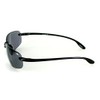 Aloha Eyewear "Oahu Sun Deluxe Wrap-Around Rimless Bifocal Sunglasses (Black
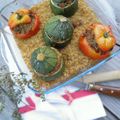 Petits farcis courgettes, tomates & boulghour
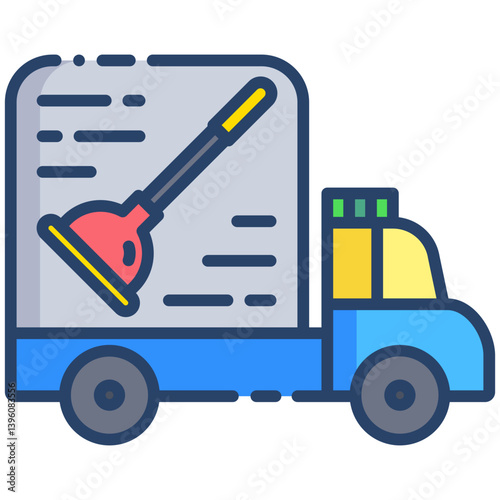 Linear color Van icon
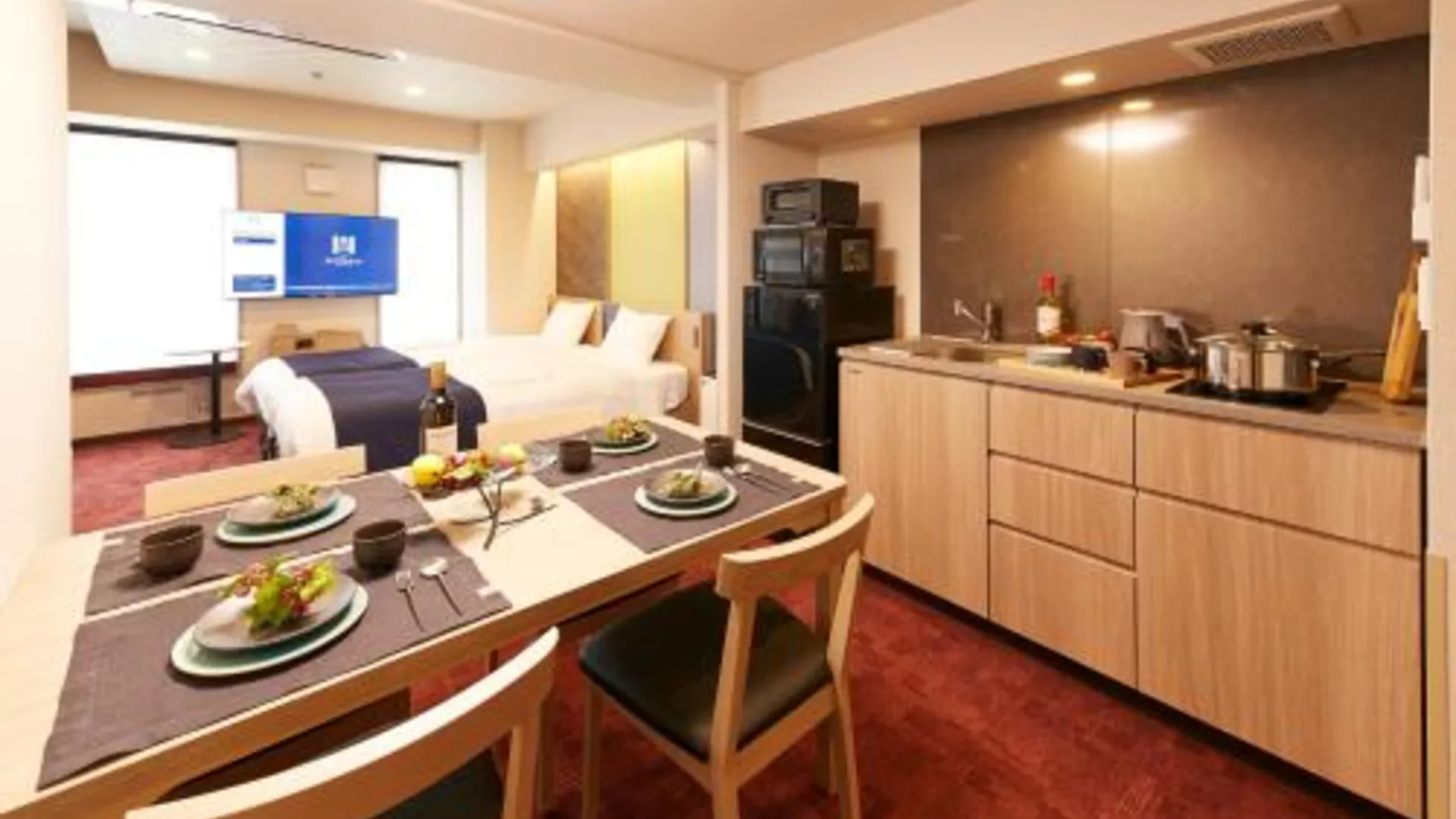 교토 먼데이 아파트 프리미엄 교토 스테이션 4성급 호텔 수영장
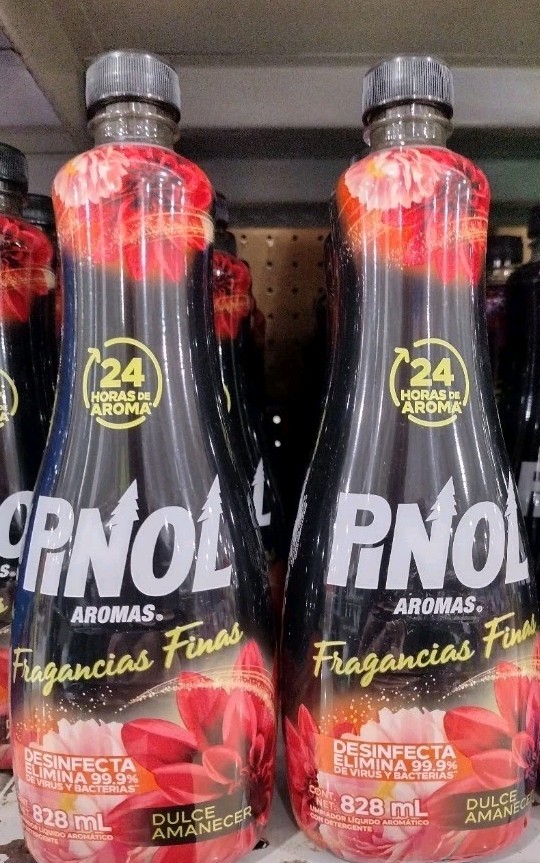 2X PINOL AROMAS CLEANSER SWEET MORNING SCENT ( DULCE AMANECER )- 2 OF 828ml EACH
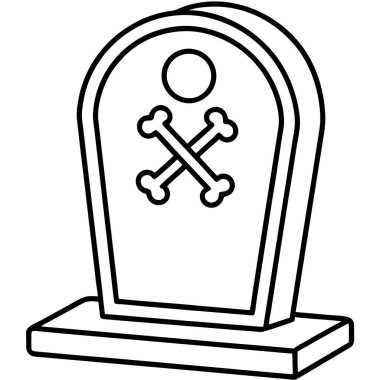 mezar mezar taşı ölüm ikonu ana hatlarıyla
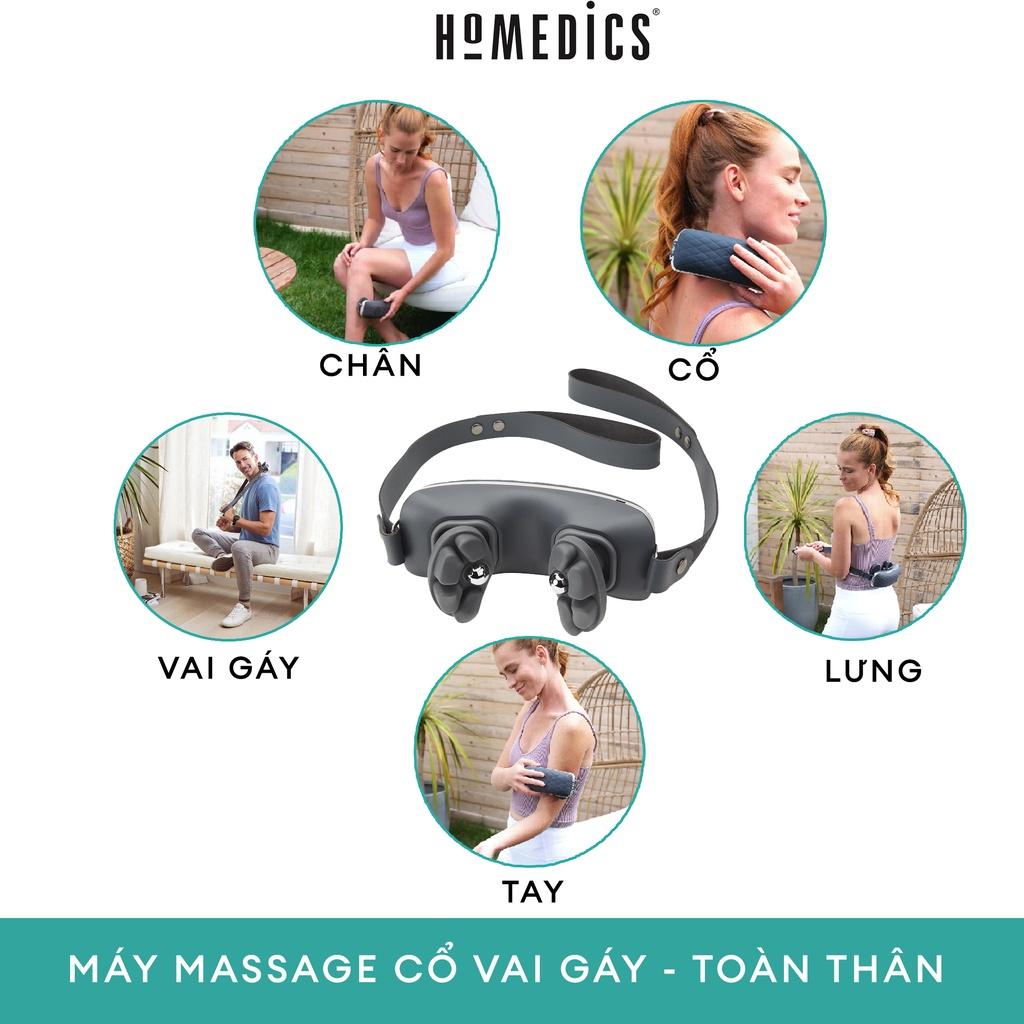 Đai massage cổ vai gáy &amp; toàn thân công nghệ GEL kèm nhiệt dùng pin sạc Homedics NMS-685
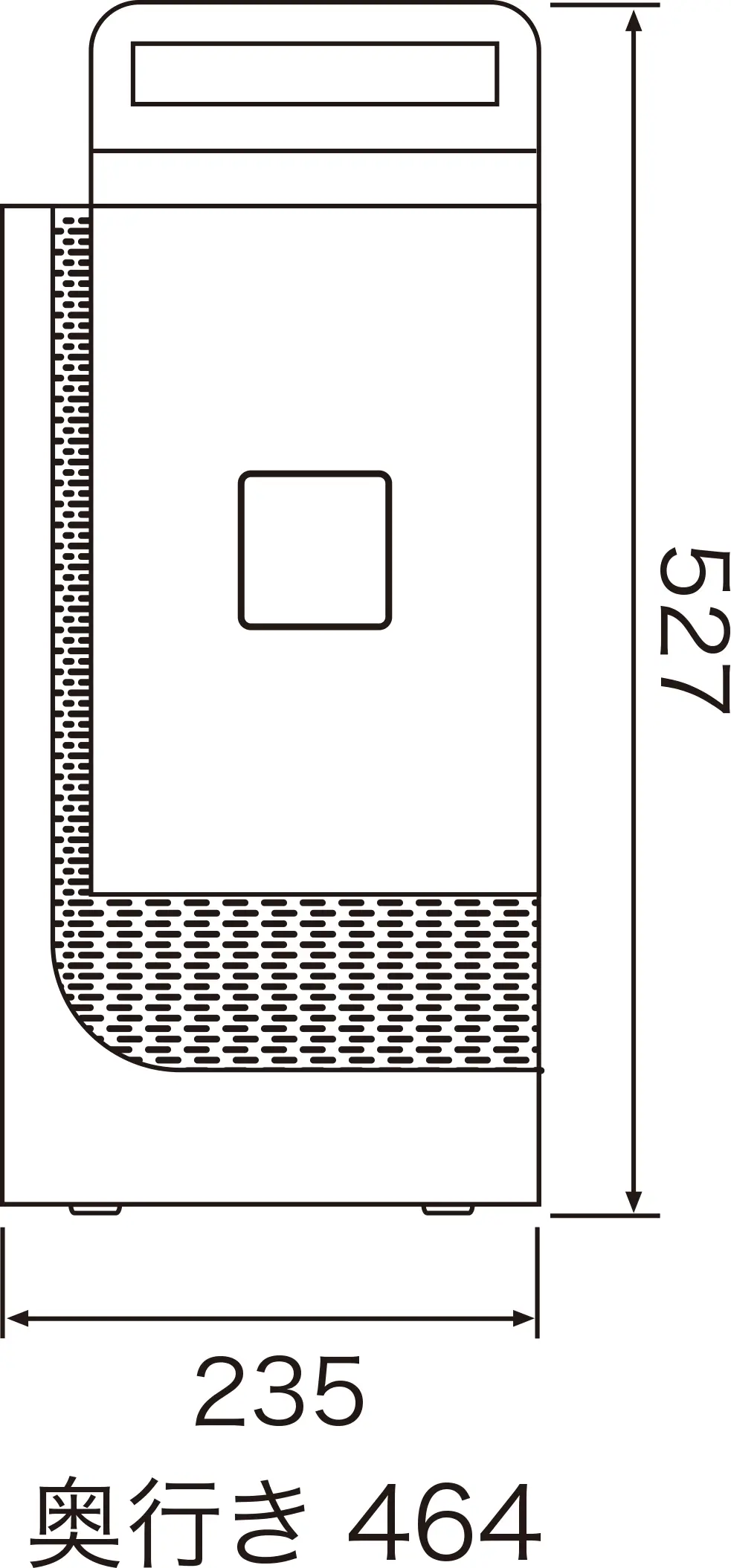 設置に必要な⼨法図
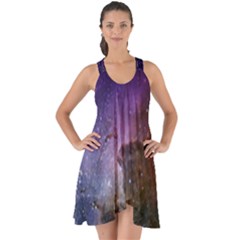 Carina Nebula Ngc 3372 The Grand Nebula Pink Purple And Blue With Shiny Stars Astronomy Show Some Back Chiffon Dress by genx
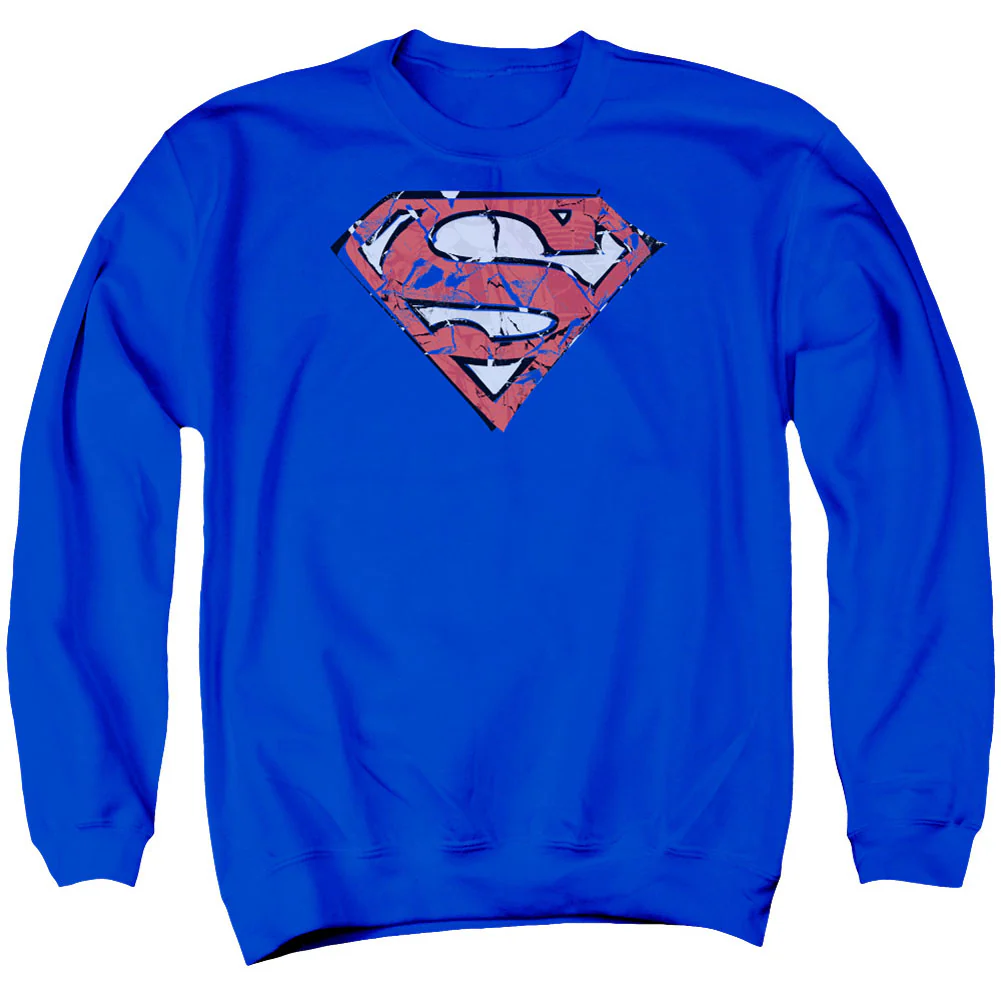 Superman Ripped And Shredded Adult Sweatshirt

**Problem**. Retype, word for word, only the line holding "Carina Nebula Ngc" and the lines after it through the final line of the listing above, and leave every picture out.

**Task solution**.
 Carina Nebula Ngc 3372 The Grand Nebula Pink Purple And Blue With Shiny Stars Astronomy Show Some Back Chiffon Dress by genx
 Superman Ripped And Shredded Adult Sweatshirt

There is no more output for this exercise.